Georges Arnaud est maintenant le protagoniste d'un des livres qui font le plus parler lors de cette rentrée littéraire, aux Éditions Grasset: "In violentia veritas", de sa fille Catherine Girard, sorti le 20 août.

Henri Girard, de son vrai nom, doit son premier moment de célébrité à l'affaire du château d'Escoire, en Dordogne, lieu d'un triple homicide qui a suscité un procès d'assises retentissant, au printemps 1943. Accusé d'avoir mutilé son père, sa tante et une bonne avec une serpe le 24 octobre 1941, il sort sous les acclamations.

Pour la Justice, le dossier est clos: l'assassin n'a jamais été retrouvé et ces meurtres restent impunis.

"Lyrisme sombre"

D'un côté, Catherine, qui fait une entrée fracassante dans la littérature à 62 ans, écrit que son père, à qui elle demandait, adolescente, dans les années 1970, s'il était le meurtrier, lui a répondu que oui. Puis elle déroule la vie de cet homme, de 1930 jusqu'aux meurtres.
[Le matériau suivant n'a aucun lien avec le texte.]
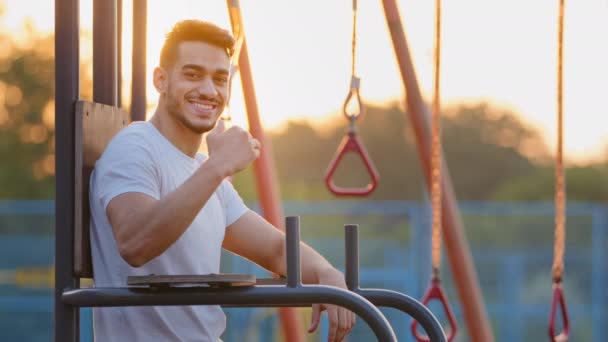 Confiado saludable milenario Oriente Medio chico atlético árabe le invita a ir en los deportes, recomienda un estilo de vida saludable. Joven atractivo hombre de deporte indio anuncia equipo gratuito para el entrenamiento — Vídeo de stock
C'est un crescendo spectaculaire, menant à une scène finale extrêmement violente. Il a impressionné la critique littéraire. Le Monde l'a trouvé "ardent et minutieux, d'un lyrisme sombre", et n'hésite pas à dire que l'autrice est "la fille de l'assassin", un "géniteur à la fois homicide et charmant".

De l'autre côté, son demi-frère dénonce une pure fiction.

"Rien, dans la personnalité et le parcours d'Henri Girard, ne corrobore ces accusations", écrit dans un communiqué à l'AFP Henri Girard, fils de l'écrivain, 78 ans, et qui porte le même prénom que son père.

"Ces accusations sont gravissimes et nous les contestons fermement", ajoute-t-il, au nom de ses enfants et petits-enfants.

Interrogé, Henri Girard dit souffrir du crédit aujourd'hui donné à cette thèse. "Mon père a affronté toute sa vie des accusations de gens qui étaient ses ennemis politiques et qui le ramenaient sans cesse à cette histoire. Je me désole que cela ressurgisse aujourd'hui, venant de sa fille".

"J'avais été rassuré par le livre de Philippe Jaenada, qui me semble avoir fait un travail très sérieux. Pour moi, c'est strictement impossible qu'il ait tué", conclut-il.

"Tissu de mensonges"

Philippe Jaenada, écrivain, est un ami de son fils, Emmanuel. Ce spécialiste des faits divers anciens a publié sur l'affaire un livre marquant, "La Serpe", prix Femina 2017, qui conclut à l'innocence de Georges Arnaud, mort en 1987.

Interrogé par l'AFP, l'écrivain, après avoir lu "In violentia veritas", y voit "un tissu de mensonges".

Catherine et Henri Girard, qui n'ont pas la même mère, s'entendaient mieux autrefois. En 1988, ils avaient remporté ensemble un procès pour diffamation contre Le Quotidien de Paris, qui qualifiait leur père d'assassin.

En 2023, Catherine, marraine du Salon du polar du château d'Escoire, y parlait de l'affaire de 1941 sans accuser son père.

Chez Grasset, la perspective du scandale ne réjouit pas. Comme l'ont constaté d'autres auteurs ces dernières années, avoir un roman attaqué par des membres de la famille de personnages qui y figurent est un lourd handicap si l'on prétend à un prix littéraire. Les jurys règlent généralement le problème en écartant le livre visé.

"Le dissensus au sein de la famille ne nous regarde pas. La force littéraire de ce livre est indiscutable et c'est ce qui nous a donné envie de le programmer à la rentrée", a affirmé à l'AFP le PDG de Grasset, Olivier Nora.

Catherine Girard a refusé de s'entretenir avec l'AFP. Au Monde, elle a déclaré: "J'ai écrit sur une tragédie familiale dont je suis imbibée depuis l'enfance. J'ai grandi dans la plaie que mon père s'est entaillée en lui-même".